|posted 7/16/2007 03:44|
|I am doing some "research" on language processing and need massive amounts of simple English text. the more the better. I was wondering how i might find such a huge source of text that can be (at least somewhat) easily accessed by machine.|
|posted 7/16/2007 05:42|
|Try public domain books, some 20 000, they all can be obtained in text format, and they are good in that the texts can be freely used, even without mentioning the author. But what is bad is that these texts are mostly old, and thus doesn't well reflect the today's knowledge |
| Project Gutenberg|
|posted 8/22/2007 01:38|
|Excuse me, colleagues, please. I'm afraid I have to interject some views here. |
To give you a specific -- and therefore useful -- answer to aid in your "research", you probably need to go to any of the Project Gutenberg related sites to acquire the texts you need. Do a Google search. There you will find virtally every book ever written, in e-text form, which is now in the public domain, meaning free of any copyright restrictions. For your use, you may need to credit your source. See the so-called Project Gutenberg fine-print, attached to the heading of each Project Gutenberg text. Contact the site hosts and you might be able to acquire many or all of these files already loaded on CD's or DVD's in zip files, which might save you a great deal of time otherwise spent in downloading each of them individually.

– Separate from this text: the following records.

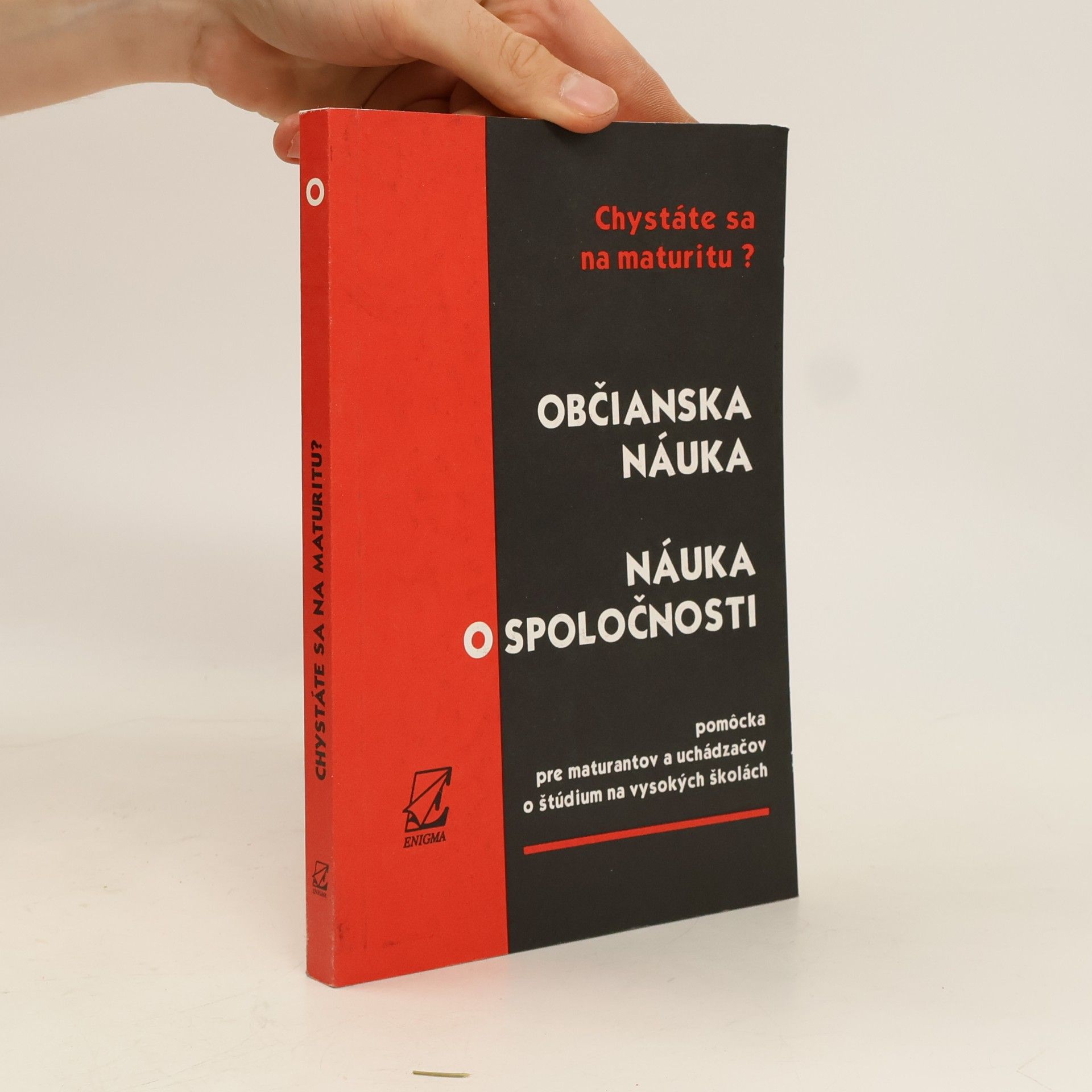 Lörincová, E. Občianska náuka: Náuka o spoločnosti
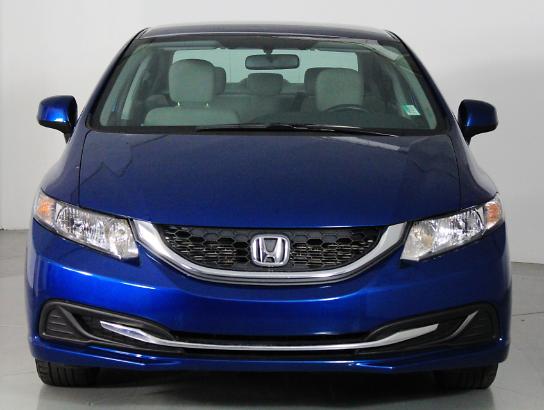 Florida Fine Cars - Used HONDA CIVIC 2013 WEST PALM LX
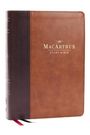 John F MacArthur: Lsb MacArthur Study Bible 2nd Edition: Unleashing God's Truth One Verse at a Time (Brown Leathersoft, Comfort Print), Buch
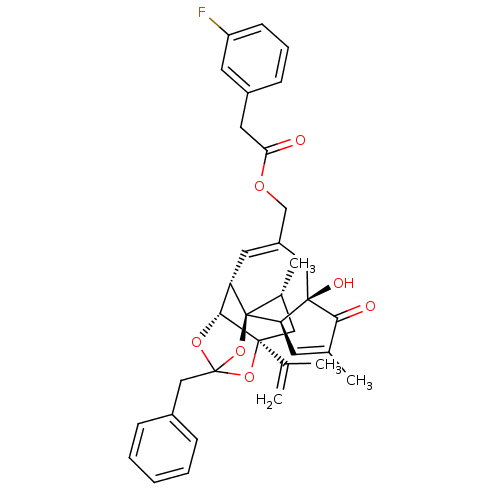 Chemical structure of BindingDB Monomer ID 50247745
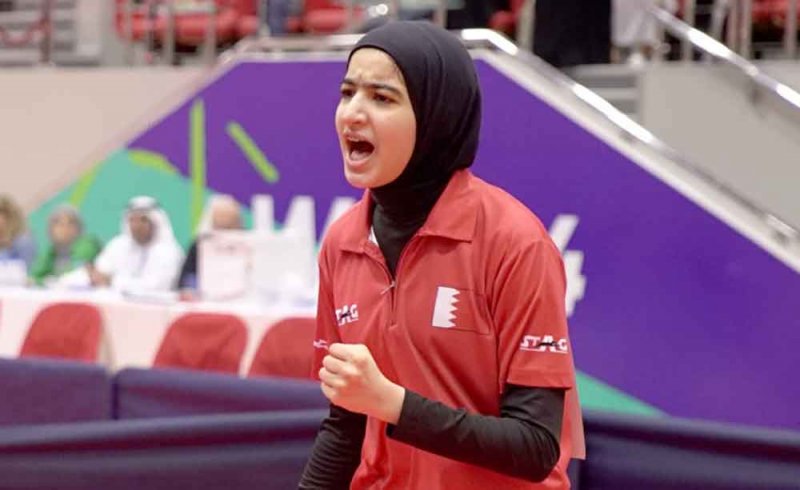 نادي عالي لكرة الطاولة يحصد فضية الفرق بدورة الألعاب الرياضية للسيدات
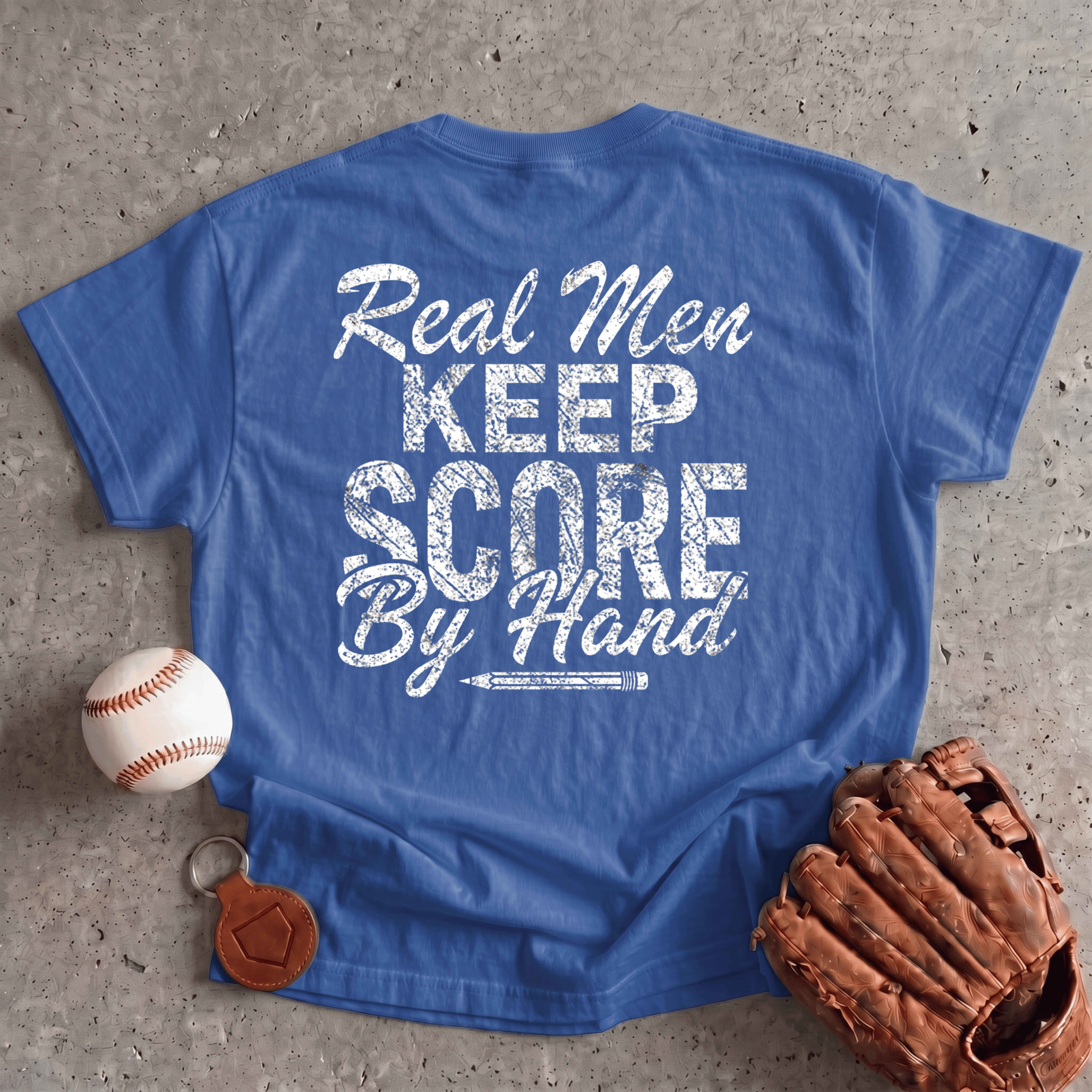 Collection of Keep Score By Hand T-Shirt in a gallery layout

Your statement "But what is bad is that these texts are mostly old, and thus doesn't well reflect the today's knowledge" strikes me as sadly typical of much of the current attitude toward the enormously valuable heritage that is the sum total of history and literature. Maybe you presume that WITASH is mainly interested in recent treatments of mostly technical subjects, and maybe he is. But if you are implying -- as I'm afraid you are -- that those books in public domain -- like Shakespeare, Chaucer, Milton, Dante, H.G. Wells, Poe, Melville, etc. etc. etc. -- are "mostly old" and do not "well reflect... today's knowledge", I am very sorry to report to you that, of ALL books published to date, those in public domain are, in fact, not only the solid foundation but all the important structural supports of our crumbling culture. These precious works, though "old" compared to magazines on your local newstand, not only "reflect... today's knowledge", they are the main portion of it, the majority of it, the cream of it, and the purest concentrated core-essence of it. If I have misjudged you, I sincerely apologize. But I shudder to think what short-sighted inheritors of our legacies will one day be the only ones who survive to archive the ruined edifice of our collective wisdoms.
|posted 11/14/2007 04:11|
Download Wikipedia... that's 3+ GB of text for you right there :D
|posted 2/11/2008 23:02|
I feel like these answers are a little flippant... I'm working on the development of an algorithm to build grammar rules, and it requires my program (ALEX--Artificial Learning by Erudition eXperiment) to begin with simple texts, just like a child would. Sources like Wikipedia proved too difficult for initial material. Once the structure of simple sentences was better understood, I could move on to more complicated sentence structures.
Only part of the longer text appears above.